I could not avoid smiling to hear a native of England attempt to instruct me in the true eastern idiom; and after he looked round some time for applause, I presumed to ask him whether he had ever travelled into the East; to which he replied in the negative. I demanded whether he understood Chinese or Arabic; to which also he answered as before.

Then how, sir,' said I, can you pretend to determine upon the eastern style, who are

entirely unacquainted with the eastern writings? Take, sir, the word of one who is professedly a Chinese, and who is actually acquainted with the Arabian writers, that what is palmed upon you daily for an imitation of eastern writing, no way resembles their manner, either in sentiment or diction.

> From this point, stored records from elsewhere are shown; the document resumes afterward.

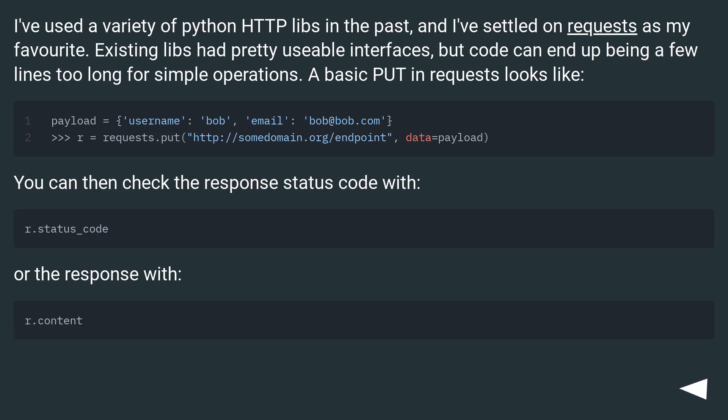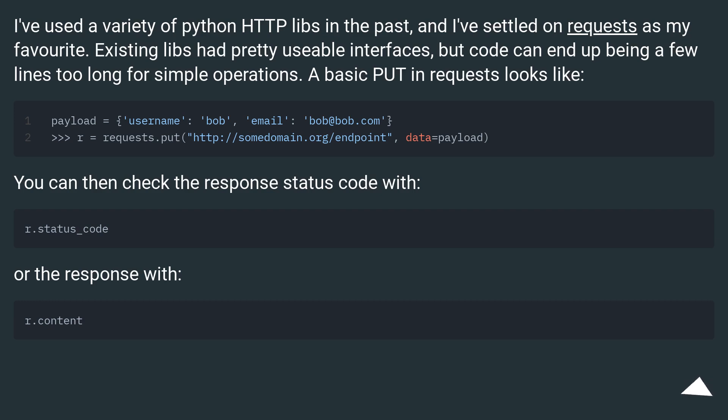I've used a variety of Python HTTP libs in the past, and I've settled on requests as my favorite. Existing libs had pretty usable interfaces, but code can end up being a few lines too long for simple operations. A basic PUT in requests looks like: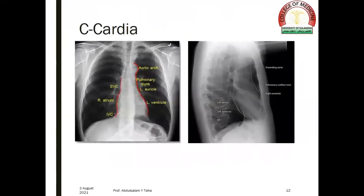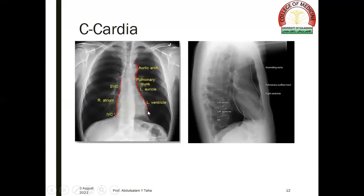If we look at these chest radiographs, on the left side we see that the right cardiac border is formed by the right atrium, above which is the SVC and below which is the IVC. On the left side, the left cardiac border is formed by the aortic arch, followed by the pulmonary trunk, then the left auricle, and finally the left ventricle. In the right lateral view, we see that the right ventricle is located anteriorly, and at the posterior aspect of the cardiac shadow we have the left atrium and left ventricle.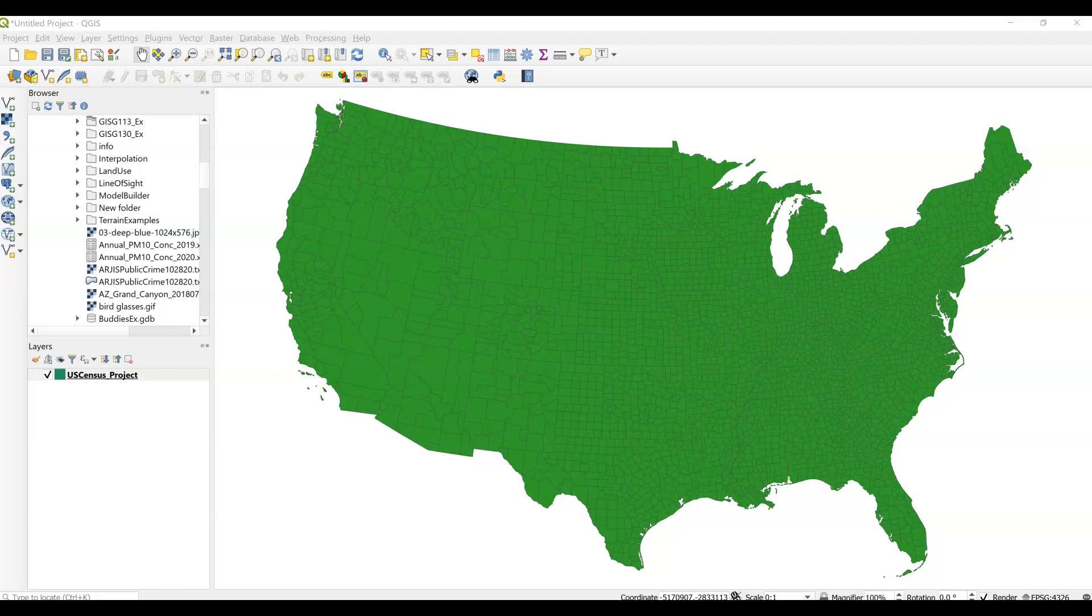Let's talk a little bit about data classification and normalization in QGIS. Here we're looking at 2010 census data for the United States by county, and we're just looking at the lower 48 states.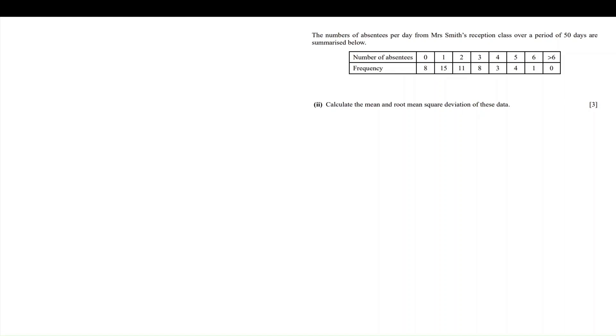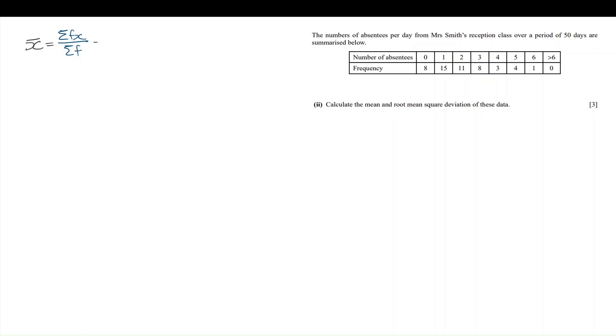This is a frequency table, so the version of the formula that we're going to be using is x̄ equals sum fx divided by the sum of f. A reminder, we should not be using a GCSE technique, we should definitely be using an A-level technique here, which is to simply put in the relevant values into list 1 and list 2 in your calculator and then pull out the answer.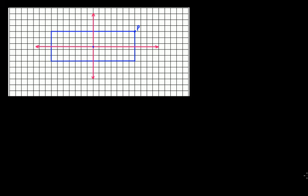In our previous videos we have discussed rotational symmetry of circle and rotational symmetry of square. The video links to those tutorials you'll find in the description box below. In this video tutorial let's talk about rotational symmetry of rectangle.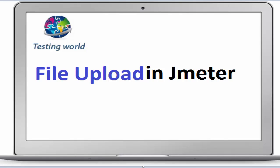Welcome to the testing world. In the previous session, we saw how to upload a file in JMeter, but we had only one user uploading a file multiple times, uploading the same file.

In the East, similies are seldom used, and metaphors almost wholly unknown; but in China, particularly, the very reverse of what you allude to takes place: a cool phlegmatic method of writing prevails there. The writers of that country, ever more assiduous to instruct than to please, address rather the judgment than the fancy. Unlike many authors of Europe, who have no consideration of the reader's time, they generally leave more to be understood than they express.

'Besides, sir, you must not expect from an inhabitant of China the same ignorance, the same unlettered simplicity, that you find in a Turk, Persian, or native of Peru. The Chinese are versed in the sciences as well as you, and are masters of several arts unknown to the people of Europe. Many of them are instructed not only in their own national learning, but are perfectly well acquainted with the languages and learning of the West. If my word in such a case is not to be taken, consult your own travellers on this head, who VOL. I.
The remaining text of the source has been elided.